H : Perceviez-vous une allocation par rapport à votre handicap ?
A.DM : Je percevais l’allocation compensatrice pour tierce personne, qui était soumise au plafond de ressources, qui m’avait été supprimé pendant plusieurs mois, parce que mon plafond salarial faisait que je n’y avais plus droit. Ça, ce n’est pas logique parce qu’au lieu d’encourager et de soutenir ceux qui faisaient l’effort de travailler, au lieu d’en faire des assistés, je me suis entendu dire : « de quoi vous vous plaignez, avec ce que vous gagnez »... Seulement, ce qu’il ne disait pas, c’est que pour certaines activités de ma profession, conduire ou assumer le secrétariat, je devais faire appel à une tierce personne.
H : Comment cela se passe-t-il au moment de la retraite ?
A.DM : Sur le plan professionnel, ça s’est arrêté. Par contre, il m’est arrivé de faire des remplacements de confrères. Mais, je n’arrêterais jamais.
H : Qu’est-ce qui change entre ces deux statuts au niveau financier notamment ?
A.DM : J’ai supprimé l’allocation de compensation qui a un avantage et un inconvénient. L’avantage, c’est qu’elle n’est plus soumise au plafond de ressources et le désavantage, c’est qu’elle est de 300 euros environ et plus, en dessous de l’allocation tierce personne. C’est une perte qui n’est pas négligeable.
H : La solitude et la précarité sont des moments que tous les retraités redoutent, pensez-vous que cela est d’autant plus le cas lorsque l’on est en situation de handicap ?
A.DM : Oui, parce que déjà quand vous êtes jeune, actif et handicapé, vous arrivez à vous en sortir. Quand vous êtes plus âgé, plus grognon... Ça peut être une charge supplémentaire. Et ceux qui vous ont accompagné dans la vie, que ce soit une épouse, une tierce personne... Cette personne aussi vieillit, il a moins de ressort, moins de résistance. Et si vous la remplacez, ça coûte de l’argent.
H : Quelles activités, l’association à laquelle vous appartenez, proposent à ce public-là ?
A.DM : Nous avons ici un service social qui s’occupe d’aider les personnes en difficulté, qu’elles soient jeunes ou qu’elles deviennent handicapées visuelles du fait de l’âge, et ça, ça remonte vers notre fédération pour faire prendre des dispositions pour répondre plus efficacement aux problèmes que génèrent le handicap et l’âge, ça c’est le but essentiel de l’association. Après, on a comme toutes les autres associations, des activités de loisirs, de rencontres, des voyages, de soties culturelles... On gère également une maison de retraite dans le quartier des Olives, qui comptent un peu moins d’une centaine de personnes âgées.

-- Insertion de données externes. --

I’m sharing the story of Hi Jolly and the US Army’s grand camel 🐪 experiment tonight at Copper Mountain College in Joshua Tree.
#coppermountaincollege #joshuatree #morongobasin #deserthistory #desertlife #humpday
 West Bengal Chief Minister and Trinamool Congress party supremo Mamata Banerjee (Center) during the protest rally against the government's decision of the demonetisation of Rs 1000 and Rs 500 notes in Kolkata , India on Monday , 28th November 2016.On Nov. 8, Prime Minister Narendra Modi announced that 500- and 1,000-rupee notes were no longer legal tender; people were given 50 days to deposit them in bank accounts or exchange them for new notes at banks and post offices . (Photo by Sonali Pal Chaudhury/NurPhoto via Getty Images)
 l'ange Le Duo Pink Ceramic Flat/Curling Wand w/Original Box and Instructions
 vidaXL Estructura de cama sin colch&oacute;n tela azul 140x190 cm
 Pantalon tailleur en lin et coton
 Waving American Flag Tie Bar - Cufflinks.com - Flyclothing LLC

H : Selon vous quelles améliorations pourraient être apportées pour faciliter le quotidien d’une personne âgée non-voyante ?
A.DM : Aménager un peu l’accessibilité et la communication là où ça peut être fait, notamment dans les transports en commun, l’annonce des arrêts dans les bus ou les métros. Il y a certainement des choses à faire. Vous imaginez que les syndicats ont refusé que les chauffeurs de bus annoncent les arrêts ou alors qu’on les paie pour qu’ils les annoncent. Je reconnais que répéter toute la journée la même chose, ça peut être un peu « gonflant ».